# Oxalic Vapor Treatment



## jean-marc (Jan 13, 2005)

Nice. Not huge dropsbut seems to me something had to be done otherwise the colony wouldlikely have issues with varroa this spring/summer.

Jean-Marc


----------



## vermin06 (Apr 18, 2015)

You'll have to let us know how the next treatment goes! Any pics of your KTB? I'm looking to try one this upcoming season.


----------



## Thomassen (Jul 6, 2014)

My second treatment levels before traveling were: 50, 28, 13, and 12. The last day I checked was December 23rd. I then treated with OV and then left for vacation. We arrived home yesterday and I checked my sticky board this morning. 

My total 9 day mite count (Treated December 23 and checked January 1st) for my last treatment was 69. I wasn't here to do dailies.

My data as follows:

Treatment 1 - Six day total count: 115 (19 per day average)

Treatment 2 - Four day total count: 103 (>25 per day average)

Treatment 3 - Nine day total count: 69 (>7 per day)

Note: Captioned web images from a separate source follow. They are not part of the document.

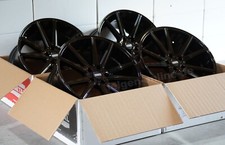 Fondmetal STC 10 schwarz glanz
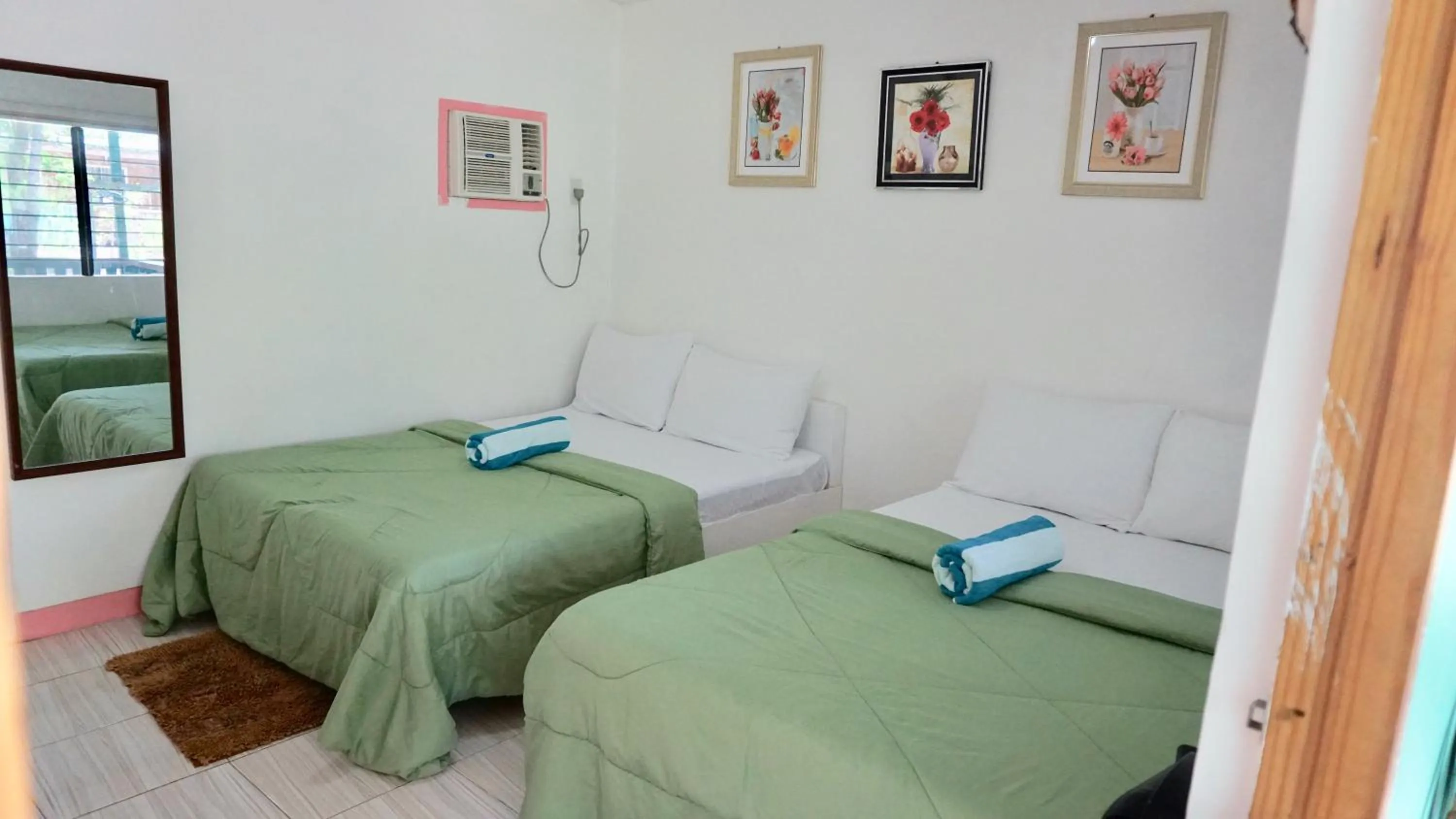 Bed in Mabuhay Thresher Dive Resort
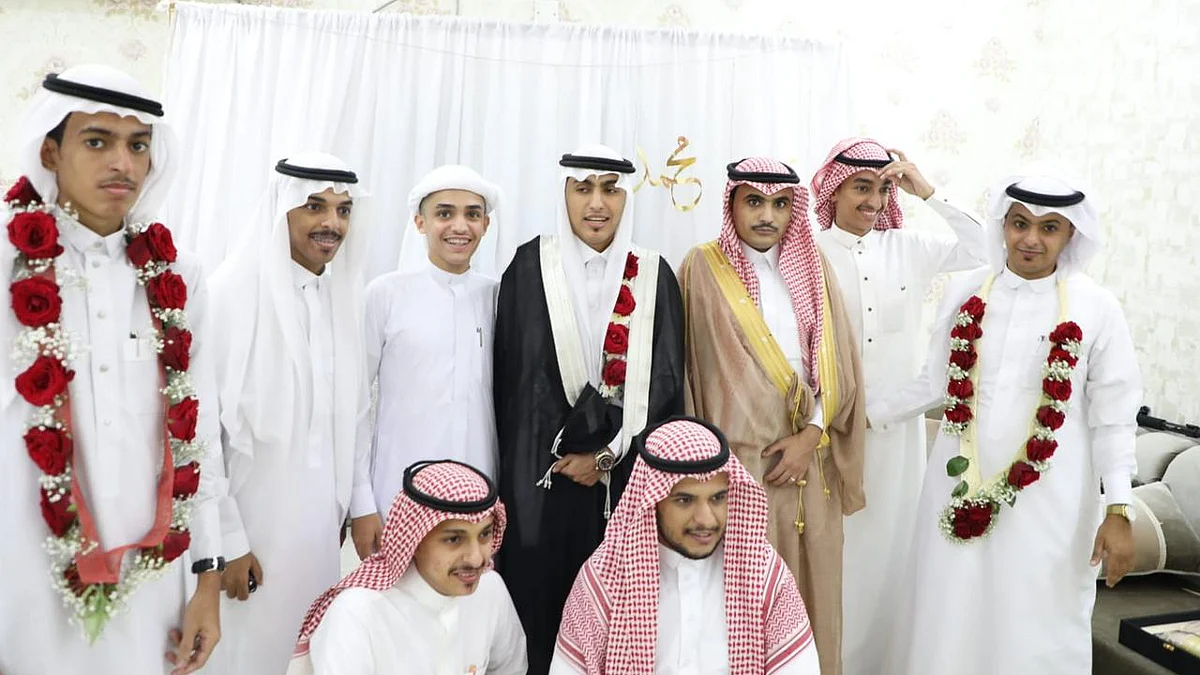 بالصور .. «المهاجرة» بصامطة يحتفلون بزواج الشاب «محمد»
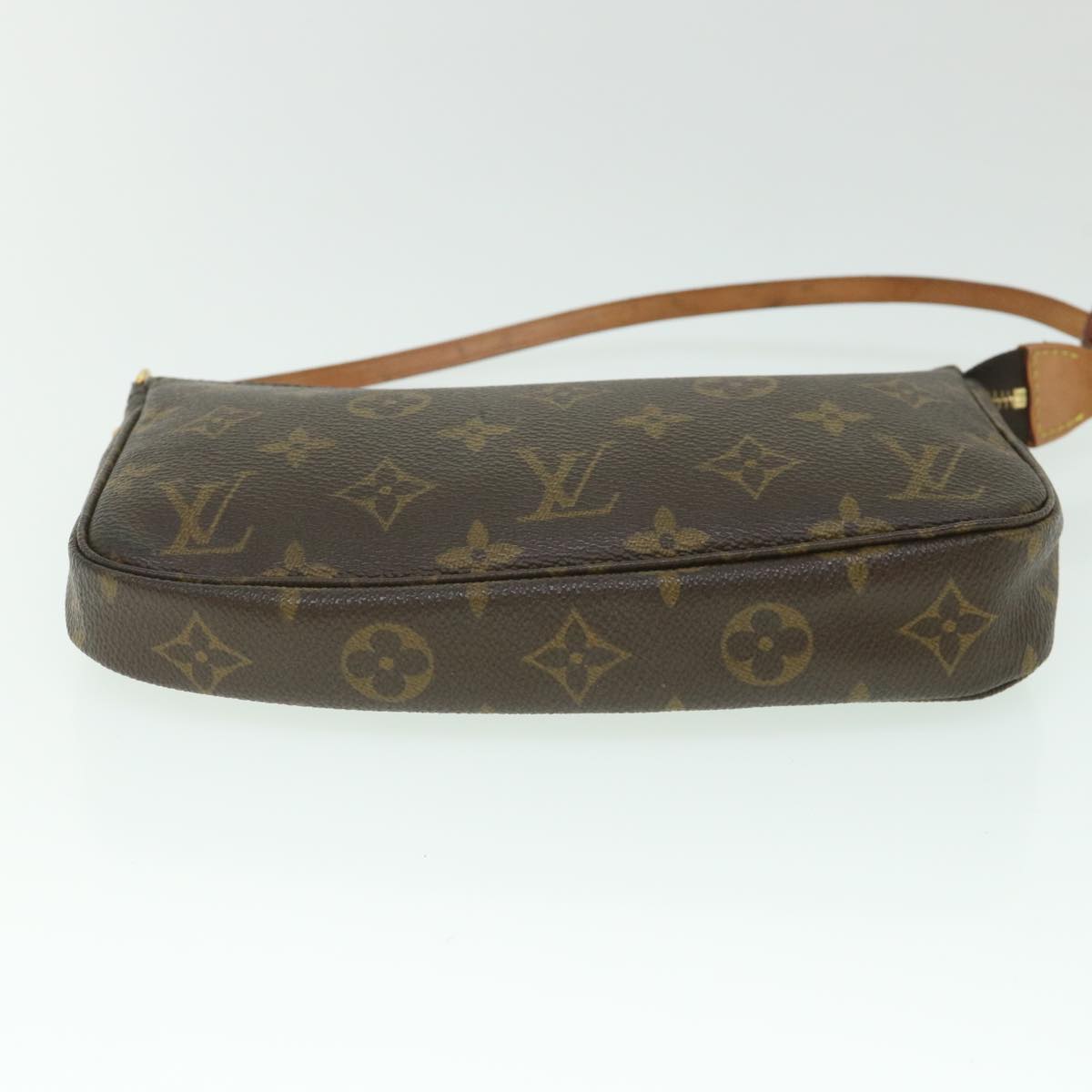 Louis Vuitton Pochette Accessoire Clutch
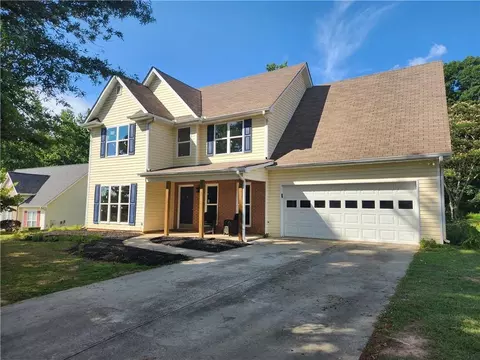 6072 Devonshire Dr, Flowery Branch, GA 30542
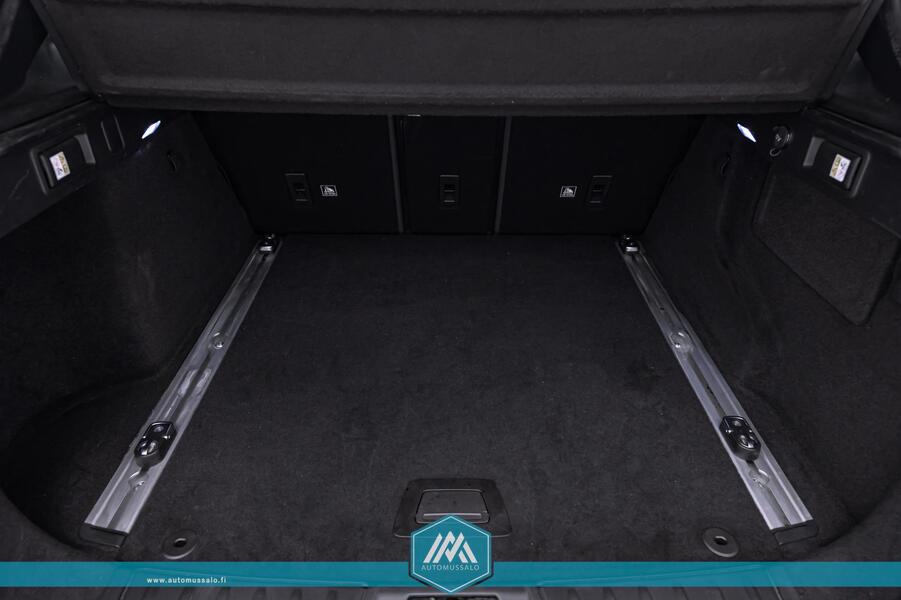 Jaguar F-PACE vaihtoauto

I know I'm not comparing apples to apples as my days between treatments are not the same. But I have seen a drop in mite count. Now to see what my dailies are without treatment.


----------



## Rebaxte (Dec 20, 2014)

Where do you get your OA? I got a vaporizer for Xmas and need the to get some. Is the OA on Amazon the same stuff?


----------



## Thomassen (Jul 6, 2014)

I purchased mine at Ace Hardware. It goes by Savogran Wood Bleach. You can also order OA from Brushy Mountain.


----------



## sc-bee (May 10, 2005)

Rebaxte said:


> Where do you get your OA? I got a vaporizer for Xmas and need the to get some. Is the OA on Amazon the same stuff?


It is, just look at the purity... Someone had two pound packs for $8 a couple weeks ago.


----------



## sc-bee (May 10, 2005)

I paid $10 for 1lb of Savogran @ Sherwin Williams. 2lbs here for $8


http://www.amazon.com/Oxalic-Acid-99-bag-C2H2O4/dp/B015X6E3JO


----------



## rv10flyer (Feb 25, 2015)

To give you some more numbers. I treat with OAV to stay close to 1% threshold(1 mite in 300 bee sugar shake). My last treatment was 3 weeks ago and most of mine were dropping 1-3 mites within 24 hrs of treatment. Two dropped 12-15. Mine were close to your numbers after my first treatment on Aug 1.


----------



## Thomassen (Jul 6, 2014)

OAV Treatment again on January 18. Drop rates as follows: Day 1 - 13, Day 2 - 17, Day 3 - 20, Day 4 - 10, Day 5 - 8, Day 6&7 combined - 15, Day 8 - 8.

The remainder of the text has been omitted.